地域の動物園の魅力を広く発信し、不特定多数の人に届けるには、どんな方法があるだろうか。そこで目を付けたのが、子どもから大人までを魅了するカプセルトイ。その魅力について、実際にカプセルトイの企画を仕事にしているゲストを呼び、出前授業をしてもらった。講師は、「地産地消ガチャ」などで話題のアートディレクター、武笠太郎氏。また、動物公園の魅力については、園長とグッズ担当兼飼育員の職員さんらにお話しいただき、羽村市動物公園の動物を紹介することが明確になった。さらに調べ学習や飼育員さんへのインタビューを通じて、バッチに合わせたミニ新聞を作成することで、その魅力の発信が補強されるようにした。バッチの入ったカプセルトイのマシンは、羽村市動物公園とプリモホールゆとろぎに1台ずつ設置し、ひとつ100円で販売。売上金は羽村市観光協会を通じて、動物の餌代として動物園に寄付することにした。自分がつくったものが誰かの手に取られ、喜ばれるというカプセルトイの仕掛けが、児童の自尊感情の醸成と地域貢献になると考え、この題材を設定した。
7.題材の目標
知 動物を描画材で表すときの感覚や行為を通して、形や色などの造形的な特徴を理解する。
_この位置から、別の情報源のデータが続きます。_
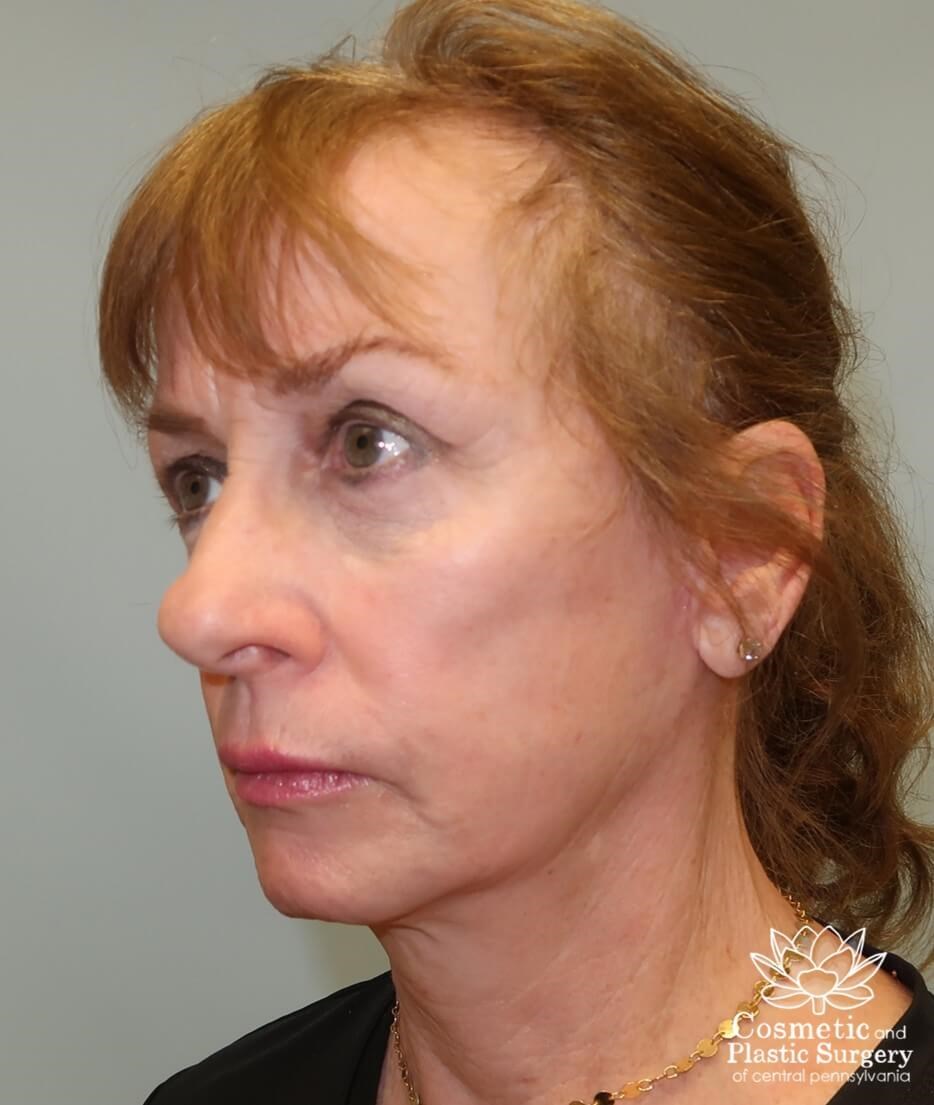 Facelift After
技 前学年までの材料や用具などの経験や技能を総合的に生かし、缶バッチの加工に適した材料や用具の使い方や効果を考えながら、表し方を工夫して表す。
発 表したいことやものを見付けたり、動物の特徴を抽出したりして、形や色などの造形的な特徴を基に自分のイメージをもちながら、どのように主題を表すかについて考える。
鑑 形や色などの造形的な特徴を基に自分のイメージをもちながら、表現の意図や表し方について、自分や友だちの作品の造形的なよさを感じ取ったり考えたりし、見方や感じ方を深める。
主体的に絵に表したり鑑賞したりする活動に取り組み、つくりだす喜びを味わうとともに、形や色などに関わり楽しく豊かな生活を創造しようとする。
8.題材の評価基準
知 動物を描画材で表すときの感覚や行為を通して、形や色などの造形的な特徴を理解している。
技 前学年までの材料や用具などの経験や技能を総合的に生かし、缶バッチの加工に適した材料や用具の使い方や効果を考えながら、表し方を工夫している。
発 表したいことやものを見付けたり、動物の特徴を抽出したりして、形や色などの造形的な特徴を基に自分のイメージをもちながら、どのように主題を表すかについて考え、表している。
鑑 形や色などの造形的な特徴を基に自分のイメージをもちながら、表現の意図や表し方について、自分や友だちの作品の造形的なよさを感じ取ったり考えたりし、見方や感じ方を深めている。
つくりだす喜びを味わい主体的に絵に表したり鑑賞したりする学習活動に取り組もうとしている。
9.指導計画 6時間程度(+総合的な学習5時間)
- 「カプセルトイの魅力」武笠太郎さん出前授業
導入では、カプセルトイの魅力や可能性、動物園の魅力を発信する方法について、カプセルトイ専門家の話を聞いて、缶バッチデザインのイメージを膨らませる。
- 「動物公園について」羽村動物公園園長と飼育員さんの講話・動物スケッチと撮影スケッチブックにかいた過去の動物スケッチを振り返る。動物や解説パネルを見ながら、鉛筆で写生を行う。着色やミニ新聞のための資料として、タブレットPCで写真撮影を行う。職員に動物園の概要や飼育の話を聞いて、メモをとる。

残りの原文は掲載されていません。